Jessi singles chronology
| "Gucci" (2017) | "Down" (2018) | "Who Dat B" (2019) |

Music video
- "Down" on YouTube

= Down (Jessi song) =

2018 single by Jessi

"Down" is a single by American singer-songwriter and rapper Jessi. It was released on July 6, 2018 by YMC Entertainment as her last release with the company, and distributed by LOEN Entertainment.

== Background and release ==

"Down " – Full music video

The rapper announced the single by posting several teaser videos in July, the first being released on July 4, 2018, on the YMC Entertainment YouTube channel. The single was released on July 6, 2018, by YMC Entertainment, as her last release with the company following her contract expiration with the agency in October 2018, the single's music video was released on the same day.

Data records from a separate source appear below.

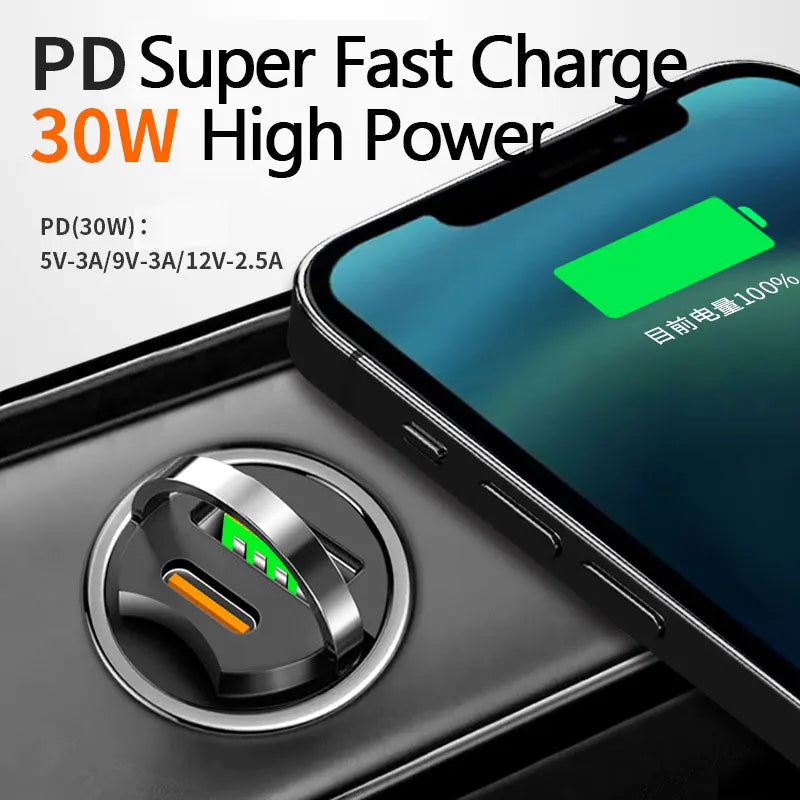 100W Dual Ports Mini USB Car Charger - Super Fast Charging Adapter ryshop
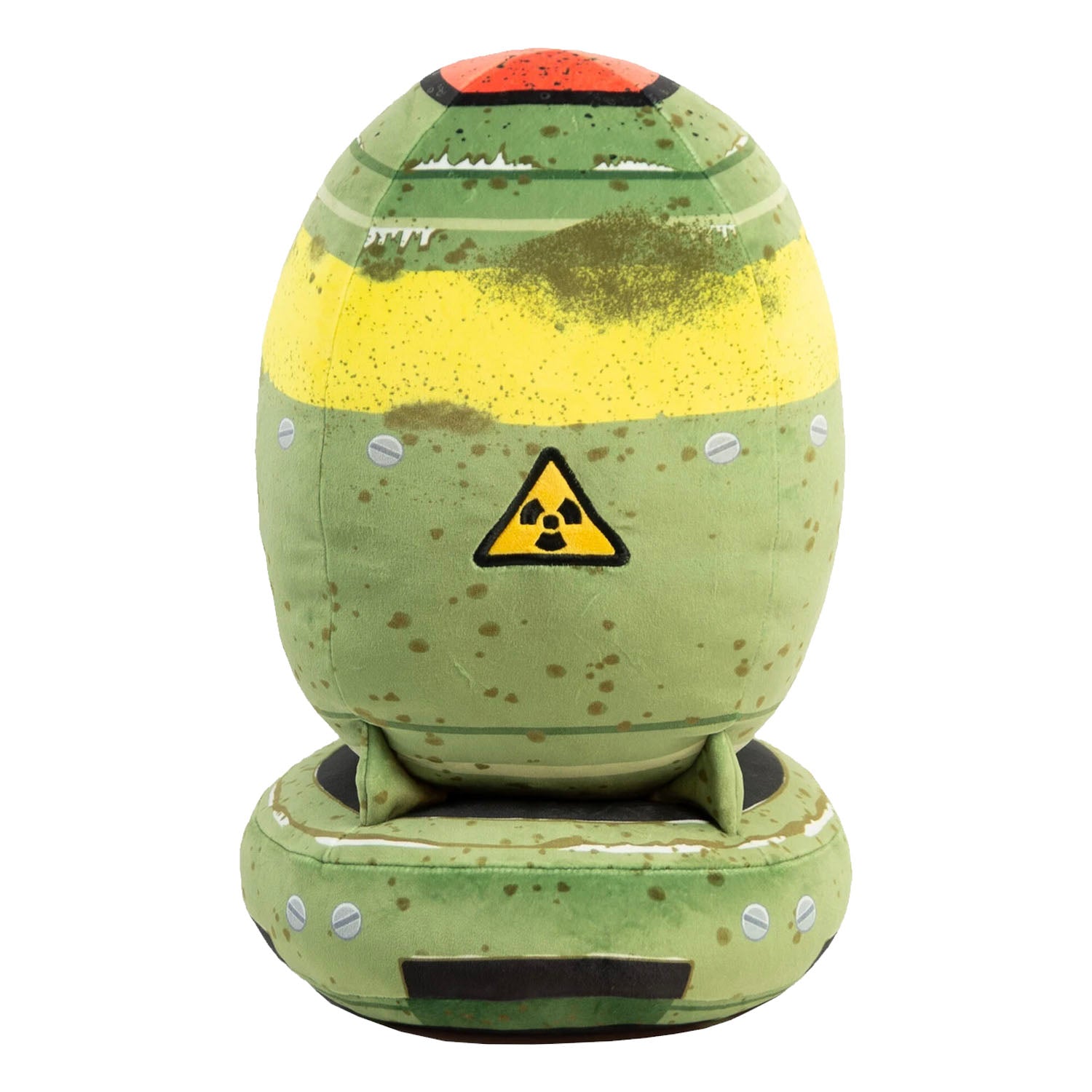 Green and yellow nuke shaped plush toy from the video game series Fallout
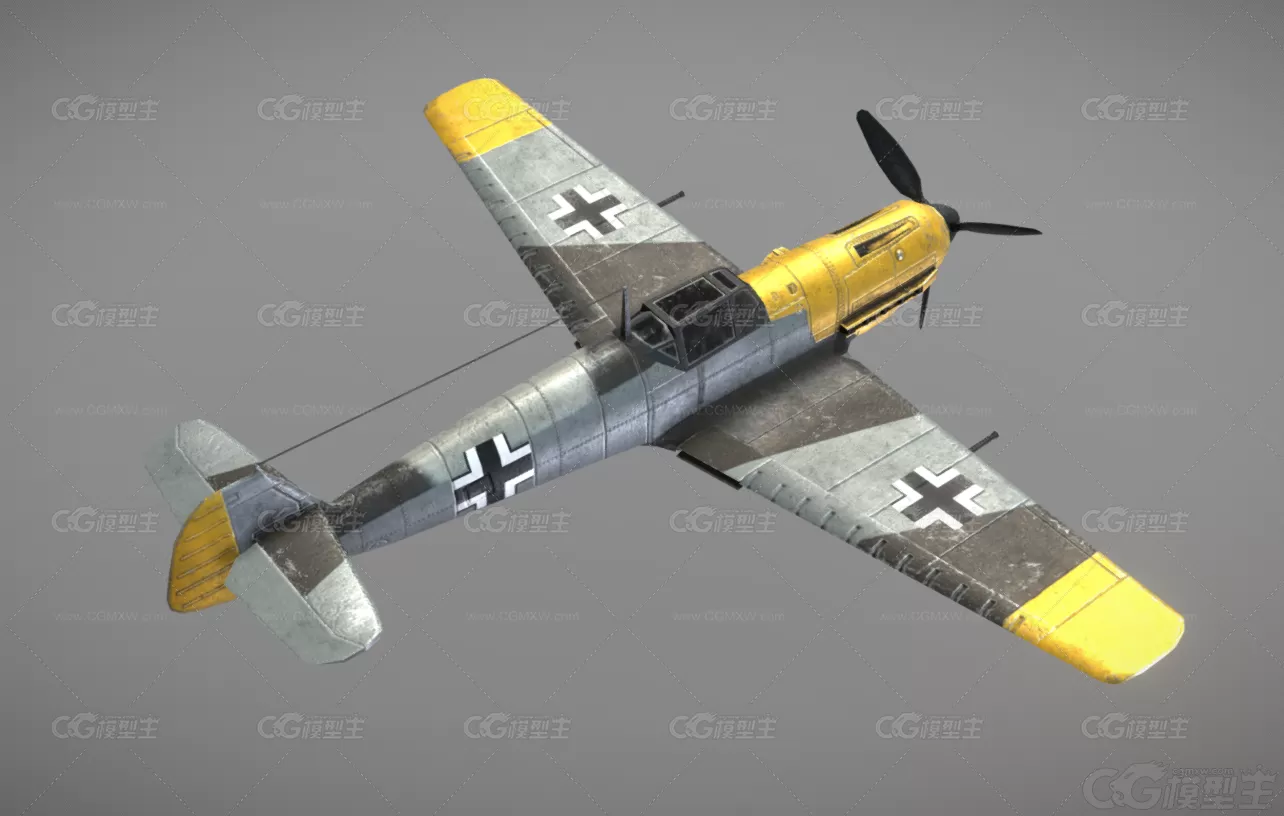 二战德国战斗机 BF109e战斗机 梅塞施米特 Bf-109战斗机 德国战斗机 军事飞机3D模型-3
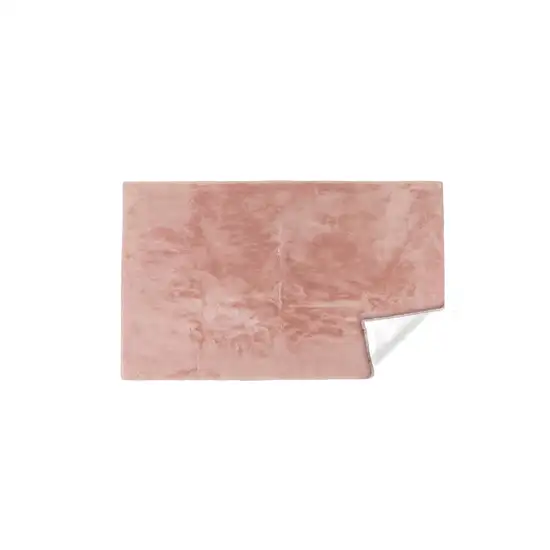 Luxe Faux Rabbit Fur Rectangular Rug    - Blush Pink Photo 2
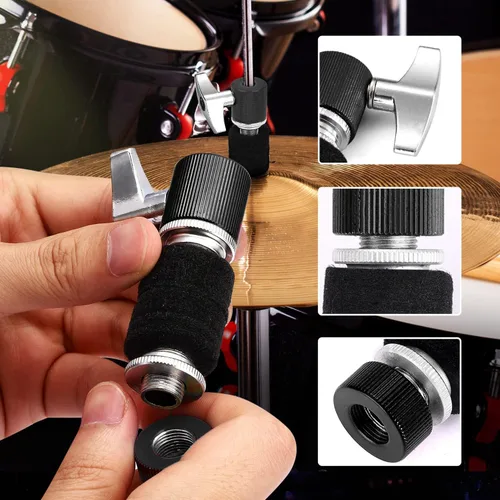 Miniatura 5 de Facmogu 13 piezas de accesorios de repuesto para platillos, embrague estándar Hi-Hat, almohadillas de fieltro para platillo de tambor incluyen Negro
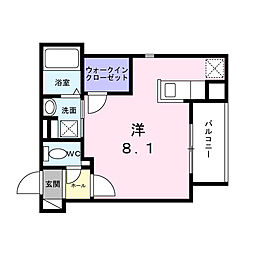 ヒカルサ明石南王子 ワンルームの間取図画像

On the single's release day, Jessi posted scenes from the music video on her personal Instagram account and wrote that she is "Breaking Korea's societal norms" in the music video. The music video was Directed by Korlio (August Frogs).

== Composition ==
The single was written by Jessi, Double K, Gray, and Danny Chung. "Down" is a Hip-hop and Tropical house song.

== Controversy ==
The single caused controversy in conservative South Korea due to its music video, which was filmed at the beach and featured Jessi wearing a bikini and twerking. Replying to her critics, Jessi stated, "My new song has a tropical vibe, so I wore swimsuits often; but because it doesn't fit with the Korean standards, I received a lot of hate ... I'm okay now. I hope all women live with confidence. I believe that being able to show confidence in your body is a good thing".

== Promotion ==

=== Live performances ===
To promote the single, Jessi performed in, The Show July 10, 2018, Show Champion on July 11, Music Bank on July 13, Show! Music Core on July 14, Inkigayo on July 15, and Simply K-Pop on July 27.